**REQUIRED WORK:**
Could you restate word for word every line from the one containing "Luke Shaw dính chấn thương" to the end of the data below, pictures excluded?

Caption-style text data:
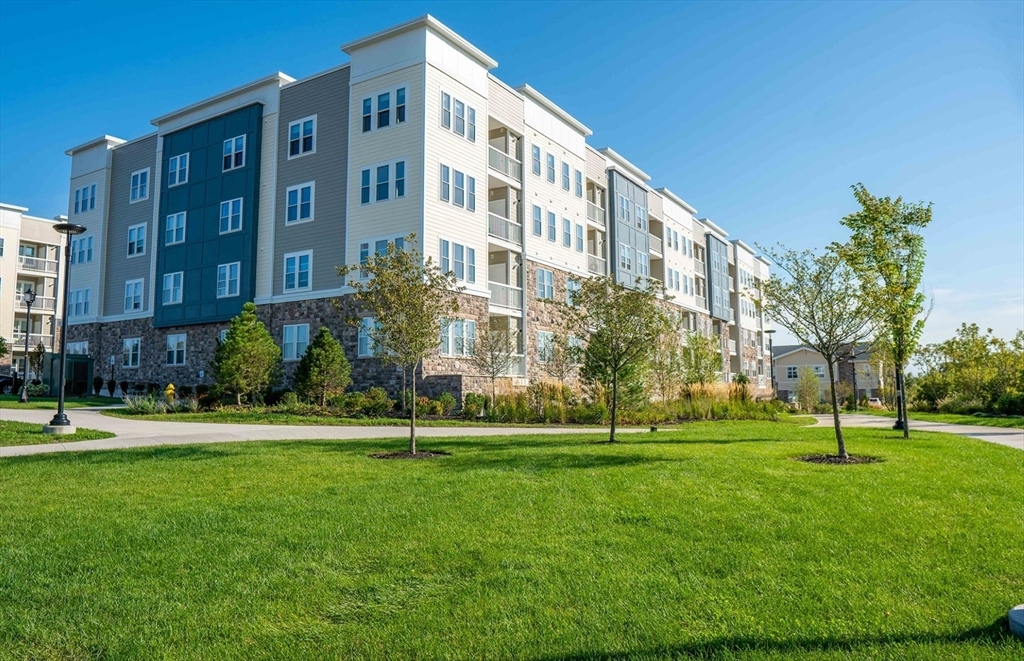Property Photo:  6 Stratton Drive 407  MA 01801 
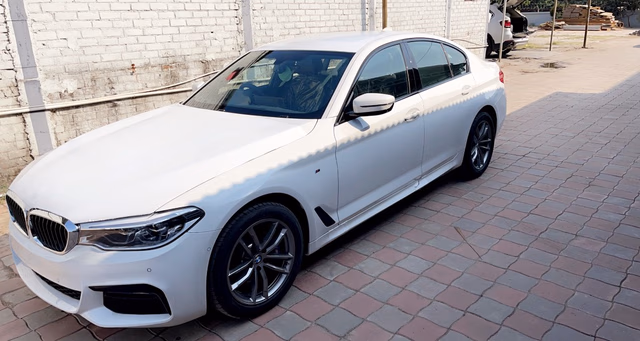 BMW BMW 5 Series view 3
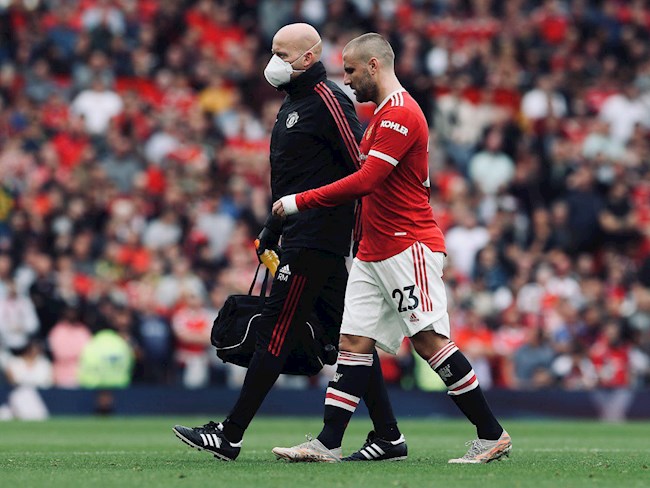Luke Shaw dính chấn thương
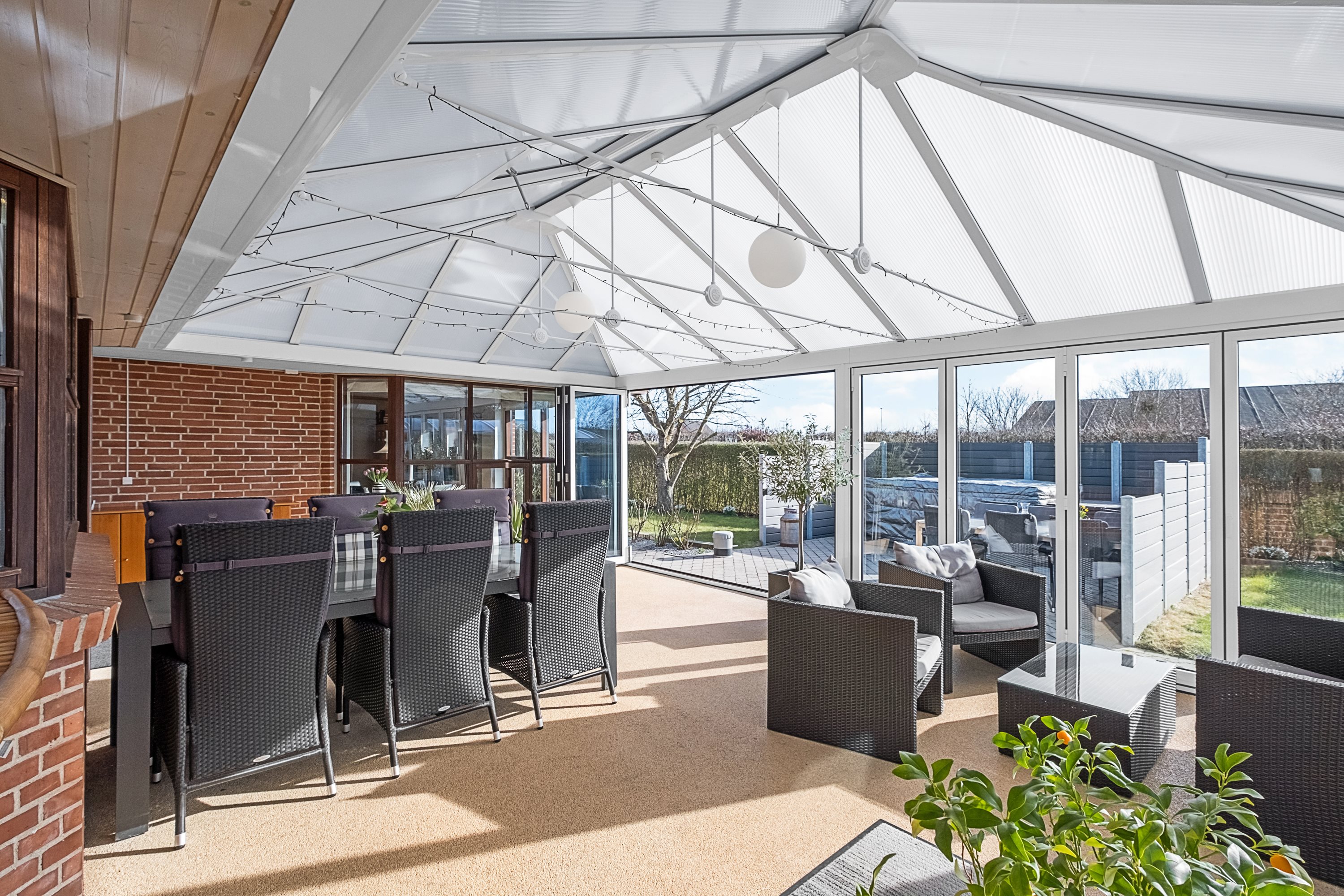 Fremhævet udestue billede i fuldskærmstilstand. Billede af Blåbærhaven 47, 8520 Lystrup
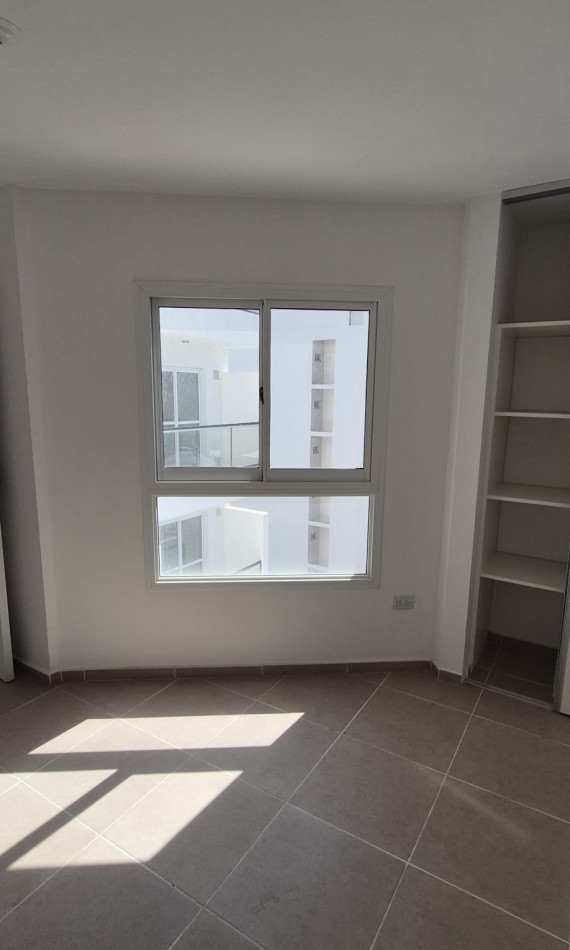 Venta departamento 1 dormitorio Apto Credito! a metros del Shopping Nuevo Centro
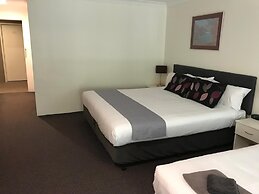 Tea Gardens Motel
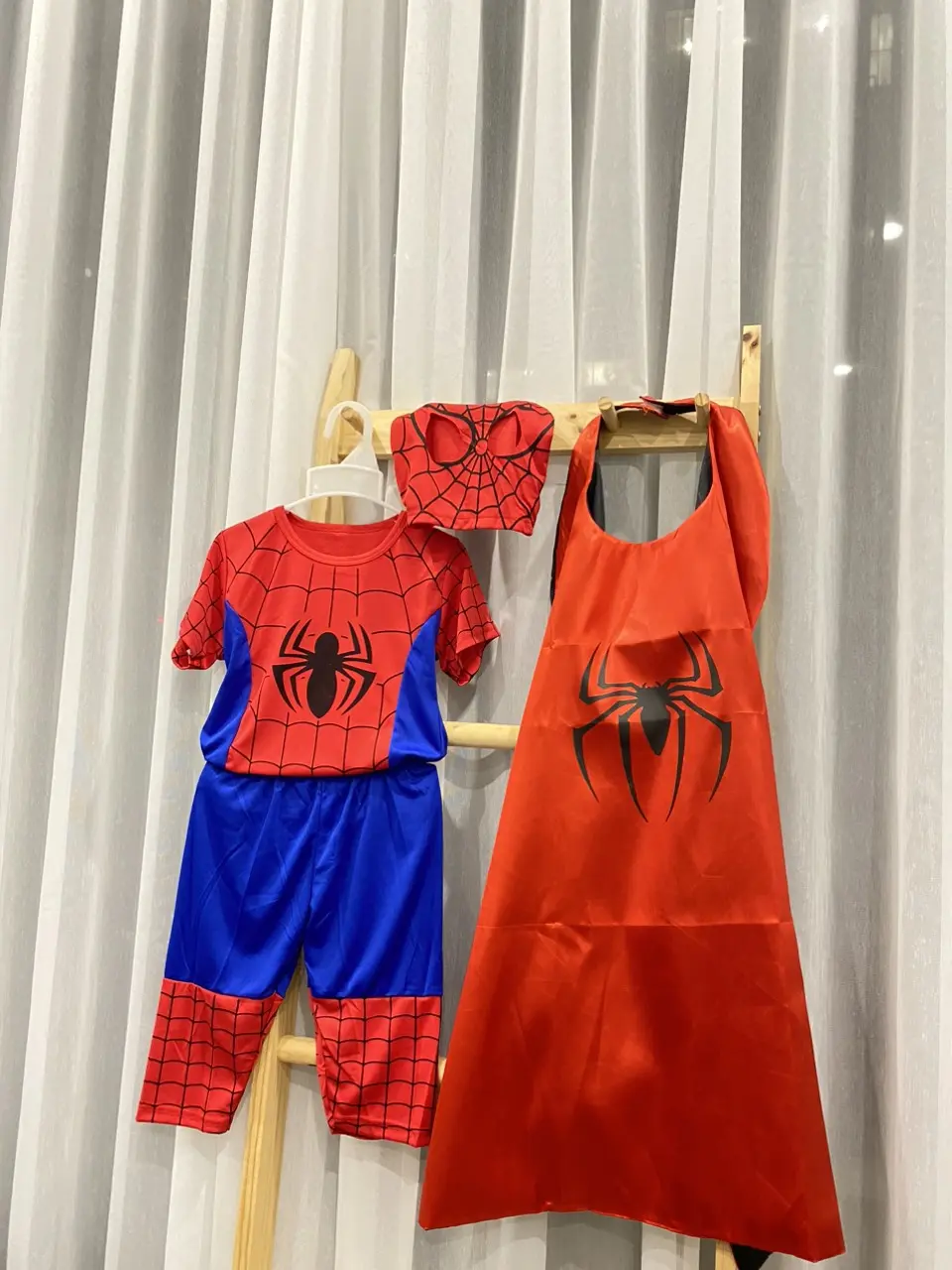 (SN13+ÁO CHOÀNG)bộ quần áo siêu nhân nhện tay ngắn có mũ chùm đầu + Tà bay siêu nhân nhện có mặt nạ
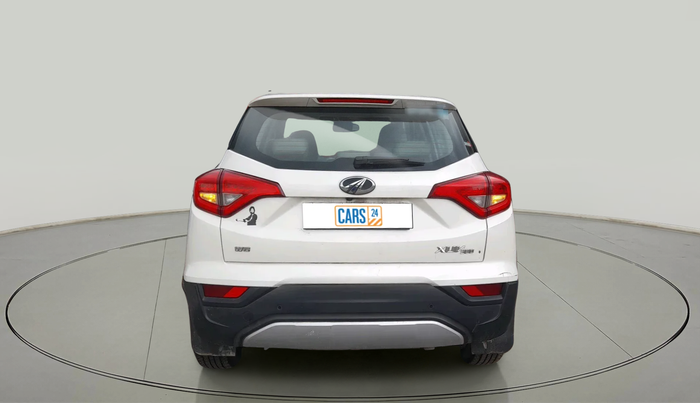 2021 Mahindra XUV300 W8 (O) 1.5 DIESEL, Diesel, Manual, 1,06,197 km, exterior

**EXERCISE ANSWER:**
Luke Shaw dính chấn thương
 Fremhævet udestue billede i fuldskærmstilstand. Billede af Blåbærhaven 47, 8520 Lystrup
 Venta departamento 1 dormitorio Apto Credito! a metros del Shopping Nuevo Centro
 Tea Gardens Motel
 (SN13+ÁO CHOÀNG)bộ quần áo siêu nhân nhện tay ngắn có mũ chùm đầu + Tà bay siêu nhân nhện có mặt nạ
 2021 Mahindra XUV300 W8 (O) 1.5 DIESEL, Diesel, Manual, 1,06,197 km, exterior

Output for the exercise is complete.